Early life and career
Dheekshitha was born on 26 June 1998 to a Sri Lankan Tamil father Venkadesan from Jaffna and mother Meenakshi Iyer who is a Carnatic musician. She was raised and did her schooling in Sydney, Australia. She has an elder brother Sudheekshanan. Dheekshitha is the step-daughter of  Indian music composer Santhosh Narayanan. She began her playback singing career by performing songs in two of Santhosh Narayanan albums, Pizza II: Villa (2013) and Cuckoo (2014), during breaks from her education. Dhee made a breakthrough by singing "Naan Nee" from Pa. Ranjith's Madras (2014) alongside Shakthisree Gopalan. Her work on the song saw the pair garner nominations for Best Female Singer at the Filmfare Awards and Vijay Awards.

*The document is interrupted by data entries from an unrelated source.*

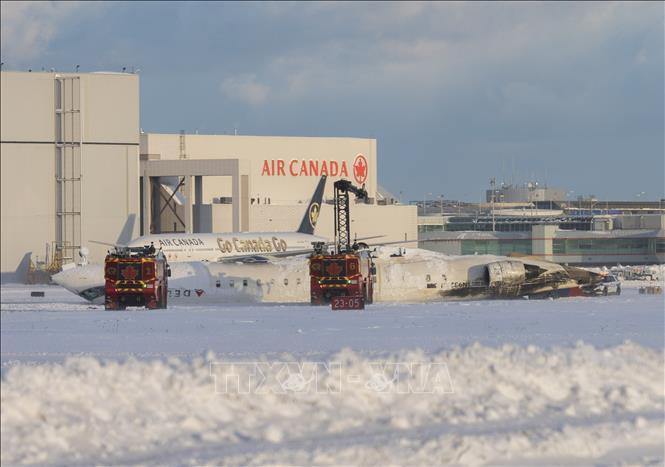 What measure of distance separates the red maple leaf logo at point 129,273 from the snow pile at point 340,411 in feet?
118

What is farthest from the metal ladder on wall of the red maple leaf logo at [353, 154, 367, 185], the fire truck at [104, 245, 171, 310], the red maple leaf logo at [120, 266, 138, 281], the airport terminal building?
the red maple leaf logo at [353, 154, 367, 185]

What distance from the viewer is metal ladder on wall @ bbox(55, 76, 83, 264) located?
3981 inches

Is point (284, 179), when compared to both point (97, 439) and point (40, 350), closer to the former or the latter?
Result: point (40, 350)

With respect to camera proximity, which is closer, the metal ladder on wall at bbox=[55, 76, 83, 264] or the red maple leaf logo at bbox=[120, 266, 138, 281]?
the red maple leaf logo at bbox=[120, 266, 138, 281]

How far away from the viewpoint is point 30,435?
1948 centimetres

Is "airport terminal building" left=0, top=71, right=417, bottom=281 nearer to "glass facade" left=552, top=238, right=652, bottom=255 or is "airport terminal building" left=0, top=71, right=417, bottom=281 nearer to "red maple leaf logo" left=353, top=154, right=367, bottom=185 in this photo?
"red maple leaf logo" left=353, top=154, right=367, bottom=185

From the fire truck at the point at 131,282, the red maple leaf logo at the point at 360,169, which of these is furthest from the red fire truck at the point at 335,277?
the red maple leaf logo at the point at 360,169

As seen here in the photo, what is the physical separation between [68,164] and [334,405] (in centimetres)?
8405

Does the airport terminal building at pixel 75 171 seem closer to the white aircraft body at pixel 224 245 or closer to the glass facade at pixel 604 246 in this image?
the white aircraft body at pixel 224 245

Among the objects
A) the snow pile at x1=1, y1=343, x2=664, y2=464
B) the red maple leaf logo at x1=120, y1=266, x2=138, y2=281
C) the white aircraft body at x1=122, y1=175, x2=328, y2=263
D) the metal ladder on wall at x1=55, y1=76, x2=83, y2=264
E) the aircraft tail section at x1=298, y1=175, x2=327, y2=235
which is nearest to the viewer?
the snow pile at x1=1, y1=343, x2=664, y2=464

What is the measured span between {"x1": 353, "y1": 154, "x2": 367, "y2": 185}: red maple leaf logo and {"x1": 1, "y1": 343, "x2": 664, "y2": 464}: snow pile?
12628 cm

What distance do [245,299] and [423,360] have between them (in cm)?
4366

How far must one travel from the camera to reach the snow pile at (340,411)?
1928 centimetres

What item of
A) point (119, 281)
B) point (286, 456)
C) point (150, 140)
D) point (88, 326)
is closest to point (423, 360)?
point (286, 456) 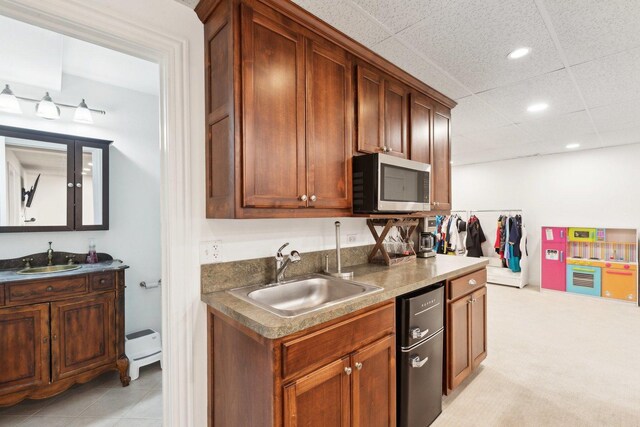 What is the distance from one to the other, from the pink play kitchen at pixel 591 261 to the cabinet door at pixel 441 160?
3.57m

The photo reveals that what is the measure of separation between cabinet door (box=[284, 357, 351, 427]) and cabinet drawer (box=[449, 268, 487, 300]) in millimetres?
1101

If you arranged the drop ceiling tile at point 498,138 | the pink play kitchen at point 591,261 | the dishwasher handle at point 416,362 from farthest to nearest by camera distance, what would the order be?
the pink play kitchen at point 591,261
the drop ceiling tile at point 498,138
the dishwasher handle at point 416,362

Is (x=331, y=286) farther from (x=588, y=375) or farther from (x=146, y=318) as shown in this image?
(x=588, y=375)

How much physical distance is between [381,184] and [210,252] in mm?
1090

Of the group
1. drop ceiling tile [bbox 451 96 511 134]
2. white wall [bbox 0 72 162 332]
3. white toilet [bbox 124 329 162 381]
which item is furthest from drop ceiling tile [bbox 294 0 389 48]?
white toilet [bbox 124 329 162 381]

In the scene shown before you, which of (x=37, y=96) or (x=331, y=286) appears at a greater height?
(x=37, y=96)

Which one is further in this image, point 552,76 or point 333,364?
point 552,76

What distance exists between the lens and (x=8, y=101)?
85.3 inches

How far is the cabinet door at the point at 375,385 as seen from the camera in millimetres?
1438

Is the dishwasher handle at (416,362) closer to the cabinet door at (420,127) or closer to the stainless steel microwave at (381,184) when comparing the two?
the stainless steel microwave at (381,184)

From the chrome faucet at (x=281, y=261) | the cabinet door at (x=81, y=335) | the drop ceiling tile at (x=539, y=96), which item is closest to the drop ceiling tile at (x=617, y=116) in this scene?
the drop ceiling tile at (x=539, y=96)

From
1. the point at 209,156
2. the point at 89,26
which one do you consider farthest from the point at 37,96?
the point at 209,156

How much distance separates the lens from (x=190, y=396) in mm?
1559

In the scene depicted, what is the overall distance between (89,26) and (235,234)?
117cm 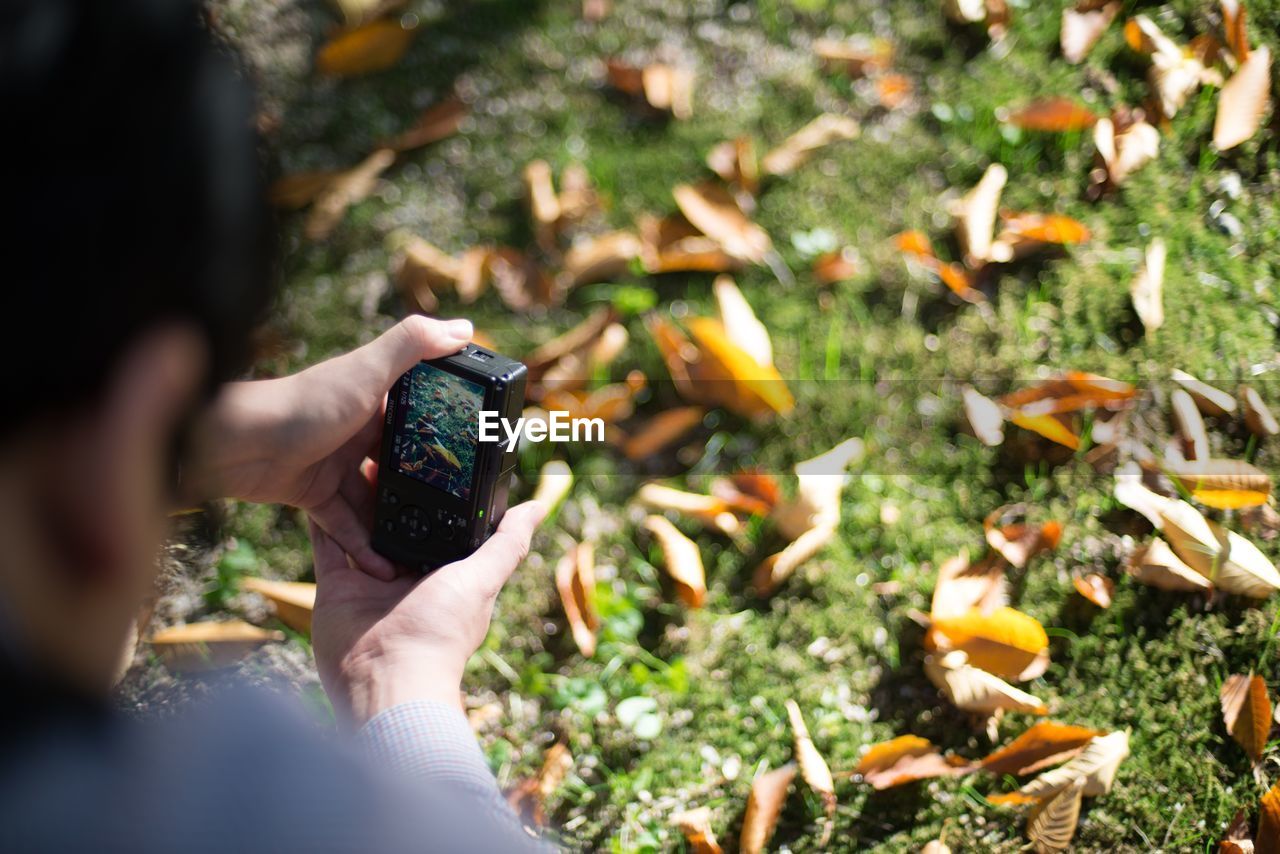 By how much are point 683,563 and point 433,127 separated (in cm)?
137

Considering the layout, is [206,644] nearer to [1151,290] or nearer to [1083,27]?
[1151,290]

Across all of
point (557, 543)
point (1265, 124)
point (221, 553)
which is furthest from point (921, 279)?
point (221, 553)

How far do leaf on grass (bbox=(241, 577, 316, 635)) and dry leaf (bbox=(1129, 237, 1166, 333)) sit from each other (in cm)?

She received critical acclaim for her work in Sudha Kongara Prasad's sports drama film, Irudhi Suttru (2016). Being used as the lead singer for Ritika Singh's North Madras-based boxer character in the film, Dhee recorded two solo songs titled "Ey Sandakaara" and "Usuru Narumbuley". Behindwoods.com stated that the first song was "another classic Santhosh number that gets your attention in no time", while noting the "pathos song by Dhee is a revelation sorts" about the latter.

Dhee later worked with Santhosh Narayanan in critically acclaimed albums including Kaala (2018) and Vada Chennai (2018), before collaborating with Yuvan Shankar Raja for the song "Rowdy Baby" in Maari 2 (2018). Singing alongside Dhanush, the film garnered popularity soon after its release. The song garnered more than 1 billion views on YouTube making it the highest viewed Tamil music videos and one of the most-viewed Indian videos of all time.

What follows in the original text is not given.